Time format

J dreadpiratejeff at gmail.com
Tue Aug 23 20:47:44 UTC 2011


On Tue, Aug 23, 2011 at 16:40, Johnny Rosenberg <gurus.knugum at gmail.com> wrote:
> 2011/8/23 Colin Law <clanlaw at googlemail.com>:
>> On 23 August 2011 18:31, Johnny Rosenberg <gurus.knugum at gmail.com> wrote:
>>> [...]
>>> I thought that since people say things like ”…you have 72 hours…”,
>>> there is not a word for 24 hours, but obviously there is, just not a
>>> good one, or at least not good enough for people to use it… :)  :P
>>
>> Day is used and is generally not ambiguous.  Most would say 3 days
>> rather than 72 hours and in this context is not ambiguous.  In fact I
>> cannot think of an example where it would not be obvious by context.
>>
>> Colin
>
> So if you say, for example, 1½ day, you always mean 36 hours?
>
> Sorry for kind of hi-jacking this thread.
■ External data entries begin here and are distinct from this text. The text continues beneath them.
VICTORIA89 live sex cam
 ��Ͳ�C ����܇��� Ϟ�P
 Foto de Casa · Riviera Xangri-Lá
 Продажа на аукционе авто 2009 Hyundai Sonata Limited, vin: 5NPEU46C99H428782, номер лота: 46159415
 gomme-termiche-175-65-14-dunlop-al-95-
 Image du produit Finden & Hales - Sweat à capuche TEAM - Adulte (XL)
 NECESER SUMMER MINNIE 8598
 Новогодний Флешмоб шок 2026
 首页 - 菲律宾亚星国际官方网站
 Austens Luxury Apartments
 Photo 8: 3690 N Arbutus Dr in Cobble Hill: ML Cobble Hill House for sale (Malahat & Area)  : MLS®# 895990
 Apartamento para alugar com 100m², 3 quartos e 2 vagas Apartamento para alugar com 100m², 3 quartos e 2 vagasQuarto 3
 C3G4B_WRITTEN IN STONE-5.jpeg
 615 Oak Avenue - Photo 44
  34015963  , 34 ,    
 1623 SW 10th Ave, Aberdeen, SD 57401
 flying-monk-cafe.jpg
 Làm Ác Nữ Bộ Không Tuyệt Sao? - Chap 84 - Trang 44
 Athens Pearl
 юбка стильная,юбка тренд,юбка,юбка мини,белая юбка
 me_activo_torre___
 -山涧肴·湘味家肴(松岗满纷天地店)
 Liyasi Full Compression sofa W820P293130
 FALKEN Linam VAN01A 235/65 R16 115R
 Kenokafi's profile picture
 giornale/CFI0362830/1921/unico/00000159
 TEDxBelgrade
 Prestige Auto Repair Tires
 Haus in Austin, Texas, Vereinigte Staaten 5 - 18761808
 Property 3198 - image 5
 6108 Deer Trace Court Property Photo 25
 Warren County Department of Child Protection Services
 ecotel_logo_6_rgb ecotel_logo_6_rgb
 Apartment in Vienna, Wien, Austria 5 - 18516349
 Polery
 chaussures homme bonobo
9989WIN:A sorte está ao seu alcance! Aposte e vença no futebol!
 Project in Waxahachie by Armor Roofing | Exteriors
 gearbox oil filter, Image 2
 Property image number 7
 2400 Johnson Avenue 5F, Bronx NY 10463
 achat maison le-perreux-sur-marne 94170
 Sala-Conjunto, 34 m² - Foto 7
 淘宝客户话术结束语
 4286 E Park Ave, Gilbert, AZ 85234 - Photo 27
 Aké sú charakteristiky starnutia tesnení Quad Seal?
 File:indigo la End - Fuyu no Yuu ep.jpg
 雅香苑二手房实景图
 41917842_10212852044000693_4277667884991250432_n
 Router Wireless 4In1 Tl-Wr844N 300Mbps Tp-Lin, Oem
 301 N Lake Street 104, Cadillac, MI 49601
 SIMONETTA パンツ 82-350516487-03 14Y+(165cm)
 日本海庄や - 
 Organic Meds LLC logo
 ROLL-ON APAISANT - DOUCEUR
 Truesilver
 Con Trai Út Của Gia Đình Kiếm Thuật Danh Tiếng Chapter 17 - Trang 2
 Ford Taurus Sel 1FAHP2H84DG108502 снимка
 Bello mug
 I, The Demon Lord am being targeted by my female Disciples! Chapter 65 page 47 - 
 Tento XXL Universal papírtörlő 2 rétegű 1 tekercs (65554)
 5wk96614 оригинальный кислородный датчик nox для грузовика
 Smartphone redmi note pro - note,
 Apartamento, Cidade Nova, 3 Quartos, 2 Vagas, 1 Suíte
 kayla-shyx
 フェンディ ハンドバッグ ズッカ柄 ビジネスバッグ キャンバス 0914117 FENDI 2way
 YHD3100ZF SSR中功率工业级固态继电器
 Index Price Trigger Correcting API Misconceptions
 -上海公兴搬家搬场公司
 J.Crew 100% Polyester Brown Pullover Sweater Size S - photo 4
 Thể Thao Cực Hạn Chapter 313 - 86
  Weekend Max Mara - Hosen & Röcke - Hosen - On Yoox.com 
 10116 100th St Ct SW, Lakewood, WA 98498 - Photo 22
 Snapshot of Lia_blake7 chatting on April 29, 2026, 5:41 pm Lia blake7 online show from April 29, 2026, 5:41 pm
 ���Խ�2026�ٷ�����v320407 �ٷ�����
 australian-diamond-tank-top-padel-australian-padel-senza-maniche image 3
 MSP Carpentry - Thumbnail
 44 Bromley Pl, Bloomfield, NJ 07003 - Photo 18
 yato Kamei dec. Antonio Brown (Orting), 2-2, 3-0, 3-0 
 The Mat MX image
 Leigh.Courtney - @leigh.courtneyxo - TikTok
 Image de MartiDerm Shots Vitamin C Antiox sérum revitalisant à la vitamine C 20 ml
I do... to me, 1 1/2 day == 36 hours, 2 days = 48, etc.

The only ambiguity I ever really notice is when talking in business terms.

For example, if a business says 10 day turnaround, they mean 10
business days, which is actually at least 12 calendar days, since
business days are only M - F.  But if I say I'll have something done
in 2 days, I mean 2 days, or 48 hours.